═══ Available data
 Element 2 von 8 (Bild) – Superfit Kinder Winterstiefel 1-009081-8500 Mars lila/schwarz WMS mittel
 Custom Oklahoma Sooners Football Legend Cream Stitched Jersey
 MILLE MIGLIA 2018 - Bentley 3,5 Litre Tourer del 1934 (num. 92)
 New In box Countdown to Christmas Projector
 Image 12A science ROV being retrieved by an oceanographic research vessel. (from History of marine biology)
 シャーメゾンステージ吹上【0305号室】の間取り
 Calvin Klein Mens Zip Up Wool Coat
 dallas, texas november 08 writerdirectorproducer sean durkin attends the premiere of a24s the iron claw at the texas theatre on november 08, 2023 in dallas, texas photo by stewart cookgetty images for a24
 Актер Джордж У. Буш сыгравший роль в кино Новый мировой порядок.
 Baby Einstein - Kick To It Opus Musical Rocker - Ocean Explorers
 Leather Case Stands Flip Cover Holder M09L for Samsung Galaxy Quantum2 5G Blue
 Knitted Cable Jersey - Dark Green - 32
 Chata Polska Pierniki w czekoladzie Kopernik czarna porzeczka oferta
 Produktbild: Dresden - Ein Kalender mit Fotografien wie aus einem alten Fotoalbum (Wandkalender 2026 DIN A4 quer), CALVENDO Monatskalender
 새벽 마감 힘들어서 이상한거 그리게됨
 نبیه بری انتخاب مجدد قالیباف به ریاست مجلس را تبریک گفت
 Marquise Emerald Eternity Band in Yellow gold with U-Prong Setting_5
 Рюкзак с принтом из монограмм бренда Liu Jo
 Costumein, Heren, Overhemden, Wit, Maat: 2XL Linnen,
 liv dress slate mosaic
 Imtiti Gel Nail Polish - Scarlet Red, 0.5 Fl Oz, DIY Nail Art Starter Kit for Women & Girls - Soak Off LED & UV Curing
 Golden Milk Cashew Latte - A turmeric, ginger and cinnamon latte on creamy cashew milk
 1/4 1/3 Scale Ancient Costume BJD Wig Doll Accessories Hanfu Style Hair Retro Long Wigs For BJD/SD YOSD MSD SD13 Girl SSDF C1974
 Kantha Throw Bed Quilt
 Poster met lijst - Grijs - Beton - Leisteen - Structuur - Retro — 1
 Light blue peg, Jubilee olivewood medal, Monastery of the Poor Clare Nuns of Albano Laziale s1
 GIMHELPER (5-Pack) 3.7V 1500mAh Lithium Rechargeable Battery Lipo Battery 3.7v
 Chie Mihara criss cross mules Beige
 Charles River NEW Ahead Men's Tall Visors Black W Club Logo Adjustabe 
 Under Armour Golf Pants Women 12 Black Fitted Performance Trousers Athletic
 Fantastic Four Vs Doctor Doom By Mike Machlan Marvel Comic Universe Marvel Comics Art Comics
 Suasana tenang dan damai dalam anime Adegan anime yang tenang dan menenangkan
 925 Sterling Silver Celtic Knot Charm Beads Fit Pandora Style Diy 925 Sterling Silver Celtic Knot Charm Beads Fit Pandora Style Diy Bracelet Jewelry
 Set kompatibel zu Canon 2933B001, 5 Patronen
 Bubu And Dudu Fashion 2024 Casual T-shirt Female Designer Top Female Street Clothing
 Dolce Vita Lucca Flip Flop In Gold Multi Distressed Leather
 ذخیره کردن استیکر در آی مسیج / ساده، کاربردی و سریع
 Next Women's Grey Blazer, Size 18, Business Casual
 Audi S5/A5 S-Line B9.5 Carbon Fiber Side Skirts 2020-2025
══════
Assignment: Write out exactly the lines that fall from the line with "Knitted Cable Jersey - Dark Green - 32" to the line with "Рюкзак с принтом из монограмм бренда Liu Jo" in the records above, keeping both ends.

Output:
 Knitted Cable Jersey - Dark Green - 32
 Chata Polska Pierniki w czekoladzie Kopernik czarna porzeczka oferta
 Produktbild: Dresden - Ein Kalender mit Fotografien wie aus einem alten Fotoalbum (Wandkalender 2026 DIN A4 quer), CALVENDO Monatskalender
 새벽 마감 힘들어서 이상한거 그리게됨
 نبیه بری انتخاب مجدد قالیباف به ریاست مجلس را تبریک گفت
 Marquise Emerald Eternity Band in Yellow gold with U-Prong Setting_5
 Рюкзак с принтом из монограмм бренда Liu Jo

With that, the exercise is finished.